CNA Financial: 25% Option Opportunity

Includes: CNA, L
by: Dan Braem

CNA Financial Corporation (NYSE:CNA) is a property and casualty insurer that trades for around $10 per share. At the $10 per share price, the market capitalization is under $3 billion.

Here is what I find interesting:

  1. Book value as of 12/31/2008 is slightly under $7 billion.
  2. CNA is 90% owned by Loews (NYSE:L), a conglomerate run by the Tisch family.
  3. Net income for years ended 12/31/06 and 12/31/07 was $1.1 billion and $.85 billion.

CNA had a difficult 2008, with both a rough hurricane season and asset write-downs (AIG, FNMA, and Freddie Mac preferred shares). The net loss for 2008 was $300 million.

Loews invested an additional $1 billion in CNA in 2008 to shore up CNA's capital base.

In the long-term, I find little downside in these shares. For one, the shares already trade at less than half of book value. Second, Loews has demonstrated that it will not allow CNA to fail. Third, the upside for the stock price is huge - if the stock trades for book value, it will more than double. With limited downside and huge upside, I find CNA to be an attractive investment.
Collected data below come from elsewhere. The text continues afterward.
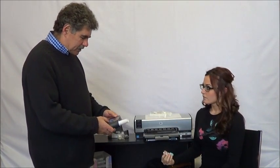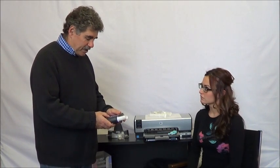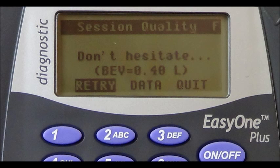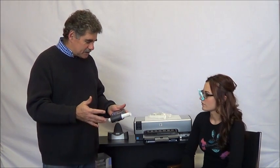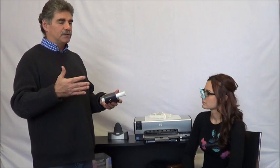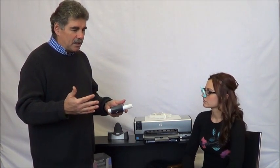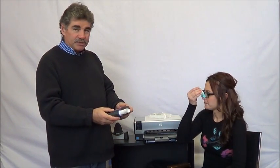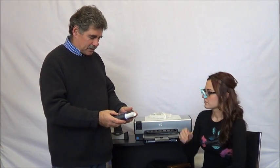The spirometer is telling me 'don't hesitate,' which means that at the very beginning of the test you failed to really blast. So on the next blow, I'm going to have you try to improve upon that. We're ready for the next try. Bianca, this time it's important that after you fill your lungs, you don't start the test until you're ready — and once you're ready, it's a very quick, fast blast, no hesitation at all. I'm going to press retry on the device to start the next blow.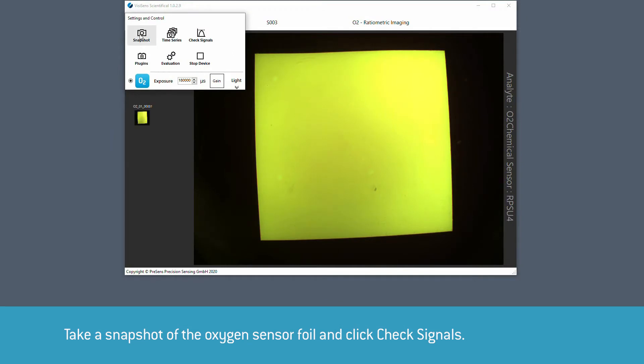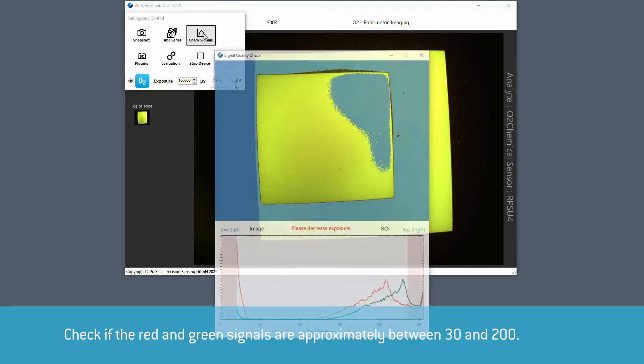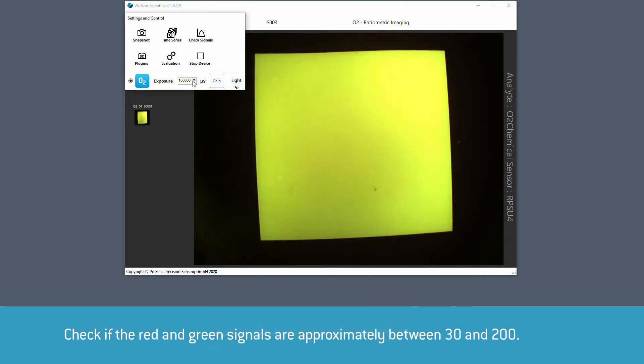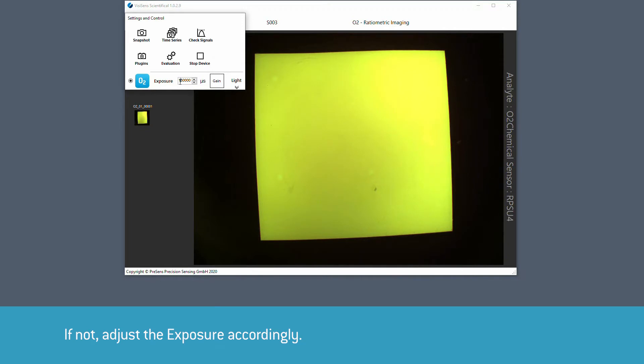Check if the red and green signals are approximately between 30 and 200 in the graph that opens. If not, adjust the exposure accordingly.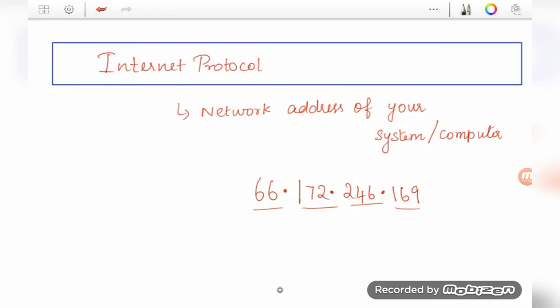Hi friends, we will talk about IP address. What is the difference between IPv4 and IPv6? We have another informative video.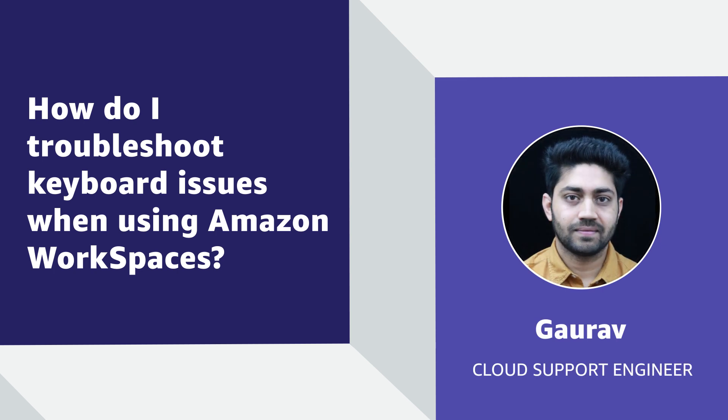Hello, I'm Gaurav, a cloud support engineer here at the AWS office in Bangalore. Today I'm going to show you how you can troubleshoot keyboard issues when using Amazon WorkSpaces. Let's get started.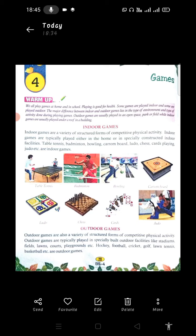Here you can see the photo — table tennis, badminton, bowling, carom board, ludo, chess, and cards which we call 'task' or playing cards, and also judo — these are all indoor games.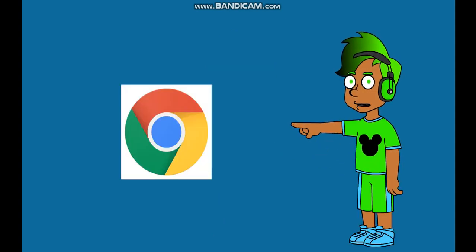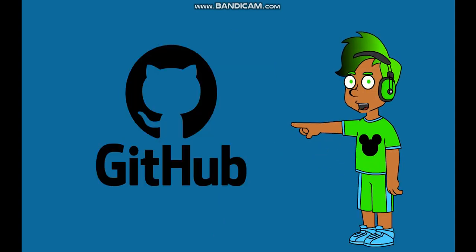First, go to Google Chrome. Then, go to GitHub and type in Wrapper Offline 2.0.0.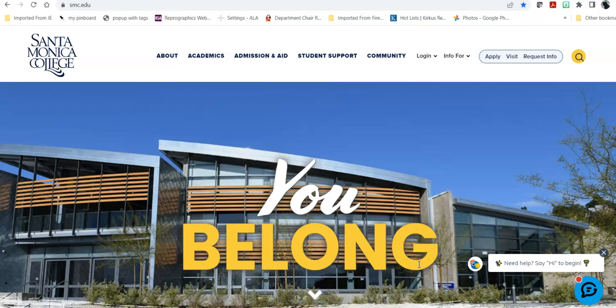Hello, this is Bren Antrim, one of the librarians here at the Santa Monica College Library. Today we're going to do a short tour of the SMC Library homepage.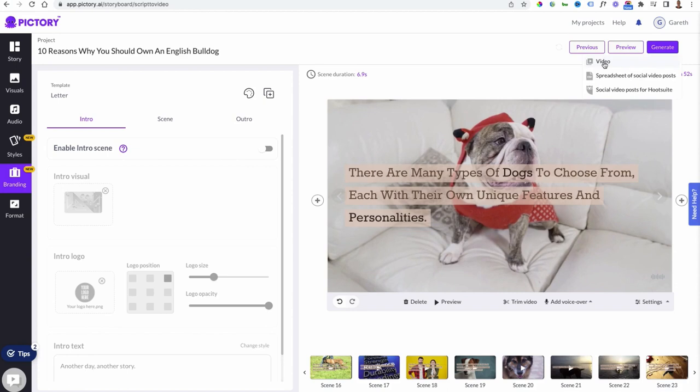If you want to preview the entire video you can just select this, watch it in full, decide if anything else needs changing, go through all the scenes, and then when you're ready select Generate Video. You will then have your video ready to upload to YouTube — and you saw how fast that was. Even with recording the voiceover this would be easily done in under an hour.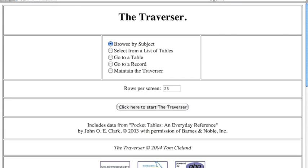Enjoy the Traverser at www.thetraverser.com.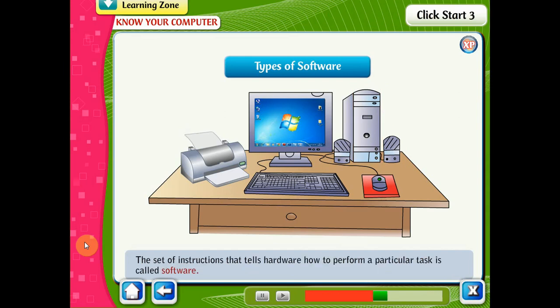The set of instructions that tells hardware how to perform a particular task is called software. A computer needs software to work. Without software, a computer would be of no use.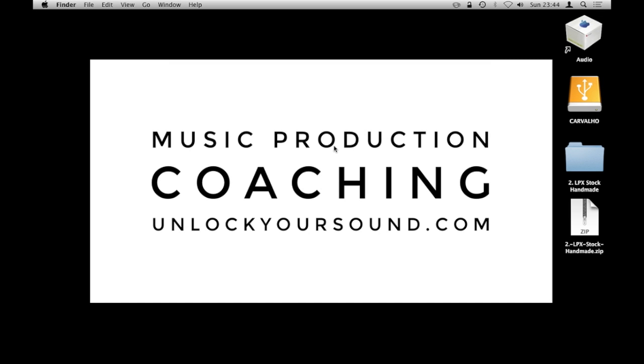Hello there, welcome to another UnlockYourSound.com tutorial with myself Chris Cavaglio. The goal of this tutorial is to teach you how to install custom patches in Logic Pro X. So if you've sourced custom patches online, channel strips online, or someone's given you some that they've created, like my friend Jake here has, then this is how you install them on your system so that you can use them in Logic Pro.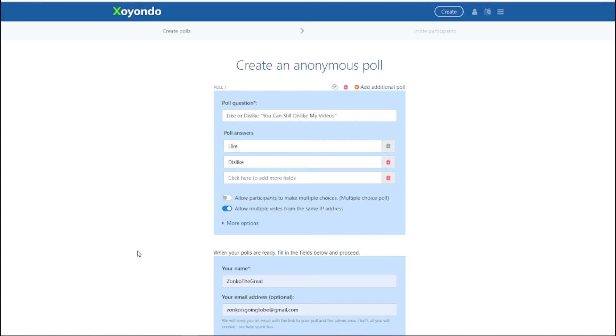So apparently YouTube is removing the dislike button. Since I'm not a wuss, I've been searching for a long time today for any anonymous poll that does not collect your data or require you to sign up for anything.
Maybe more interesting than the CNA shares are the January 2010 puts. The $7.50 puts would fetch nearly $1.50, so selling these contracts would yield $150 per contract. If CNA shares did hit $7.50 per share, the market cap of CNA would be $2 billion. A true bargain in my opinion.

Even better, the break even price would be $6, calculated by taking the $7.5 strike less the $1.5o premium. At $6, the stock is a steal. Of course, if the stock under $10, the premium on the put should go higher.
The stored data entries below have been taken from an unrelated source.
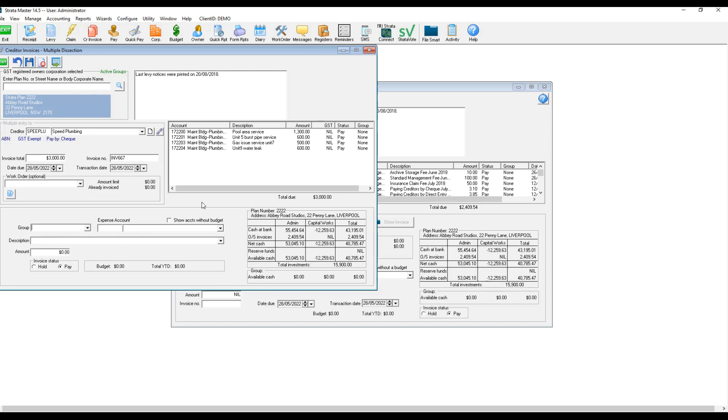Once you have entered the last line and total amounts entered matches the total amount of the invoice, the process button activates and you can finalize the entry.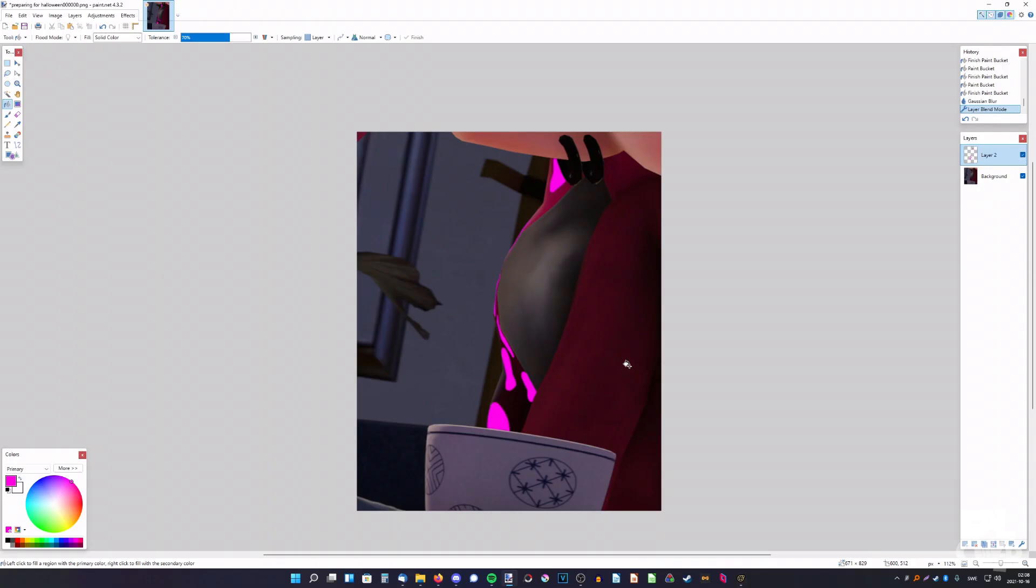So that's how to make the tentacle hair glow in SFM, and also how I do it in paint.net. Yeah, that's it for the video. So, thanks so much for watching, and bye!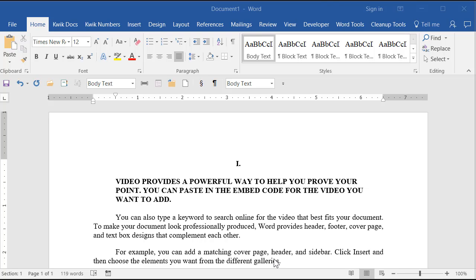A client recently asked me how to set the heading one style to look like this. What's challenging about this layout is that we have the automatic number — a Roman numeral in this case — centered above the heading, but the heading itself is not only left aligned, it's also indented. I'm going to show you how to do it first with the heading one style in native Word, and then with our Quick Numbers tool, though either way requires some style modification on your part.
Note: I would recommend having $600 of liquid investments or cash for every contract written, such that any necessary funds would be available if necessary. If the put doesn't get exercised, you will have made 25% on your "cash". In other words, you would have received $150 for keeping $600 on reserve. Of course, your real gain is 100% since your basis is zero. If the contract is exercised - be patient. In my opinion, CNA is highly undervalued right now.

Disclosure: I own both CNA shares, Loews Shares, and have written the $7.50 January 2010 puts.